Gesichtserkennung ist doch nur ein Faktor. Die Software greift anschließend auf die Profiling Daten zu und gleicht Handy/Kreditkarte/letzten Aufenthaltsort ab, sowie die aller bekannten Kontakte um Gruppenbildung zu überprüfen usw. Nicht als statisches Bild, sondern dynamisch. Die Software ist weit davon entfernt, eine Personenkontrolle an zu ordnen, sondern erstellt ein Überwachungsprofil und Bedrohungsabschätzung. Das heißt, das würde sie tun, wenn sie dürfte. In einigen Ländern längst realisiert. Google oder Facebook machen das täglich, die Gesichtserkennung/Fingerabdruck sind im Handy/Computer integriert, ist doch alles vorhanden. Nur das es um Konsum und nicht um Sicherheit geht. In so fern ist der hier beschriebene Test, die Kosten und die Nachbesprechung eines isolierten Systems sehr weit von der Realität entfernt. Der Herr würde wahrscheinlich vom Stuhl fallen, wenn Google ihm mal einen Einblick in sein Profil geben würde. Besonders peinlich ist dabei, das ausgerechnet der NSA ständig Hinweise auf in Deutschland geplante Anschläge gibt, weil er in Deutschland effektiver überwacht, als der BND selbst. Und nun erschöpft sich die Unterhaltung hier in der Frage, welche Effizienz ein isoliertes Kammersystem hat? Das ist so typisch Deutsch wie die offenen Grenzen.

Rüdiger Kuth / 31.10.2018

Komisch, in Polen und Ungarn braucht man so was erst gar nicht! Wie kommt das nur?

Thomas Taterka / 31.10.2018

Die Chancen, hier Einsicht zu provozieren, stehen 1:666666666 (C-3PO).

Karla Kuhn / 31.10.2018

Wenn Sie Darüber berichten WAS klappt in diesem Land seit 2005, würden Sie da nicht nur eine Zeile benötigen ??

Robert Sleigh / 31.10.2018

Und wenn man/frau eine Burka trägt? Wie hoch wäre dann die Wahrscheinlichkeit, dass man/frau identifiziert werden könnte?

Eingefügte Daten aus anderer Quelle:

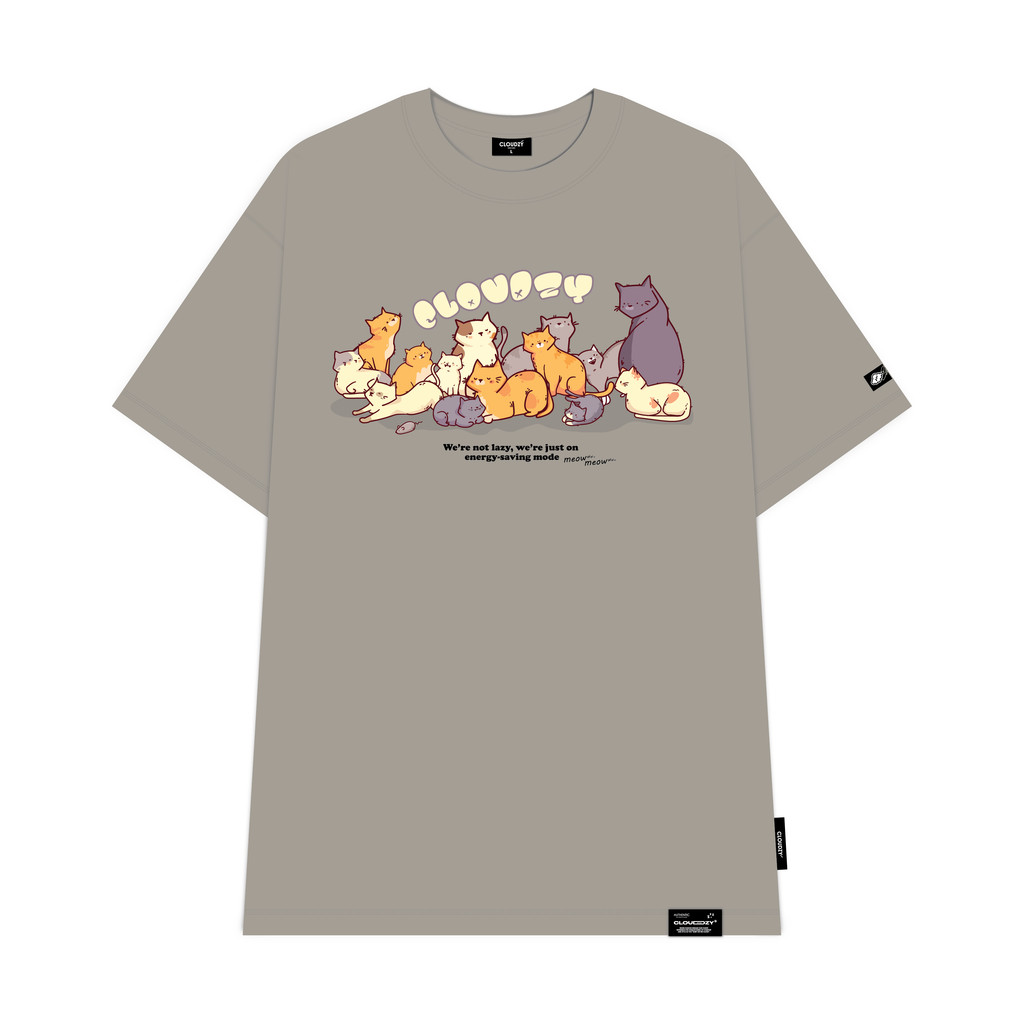 Mô tả Áo phông nữ unisex tay lỡ thun nam basic form rộng Cloudzy local brand teen cổ tròn oversize MEOW - 5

Werner Arning / 31.10.2018

Heißt das übersetzt, man lässt ein paar Hundert Terrorverdächtige ins Land, um einen Vorwand zu bekommen, ALLE zu überwachen. Hätte man das ich einfacher haben können, indem man die 600 an der Grenze abgewiesen hätte. Hatten doch sicher keine Pässe dabei. Und ohne Pass hätte man doch auch niemanden hineinlassen müssen, oder? Dann würden wir vermutlich das kostenspielige Überwachungssystem nicht brauchen und lebten weiter glücklich und in Frieden bis an das Ende unserer Tage. Aber nein, da hatte jemand etwas dagegen. Aber Überwachung hat ja auch Kollateralvorteile…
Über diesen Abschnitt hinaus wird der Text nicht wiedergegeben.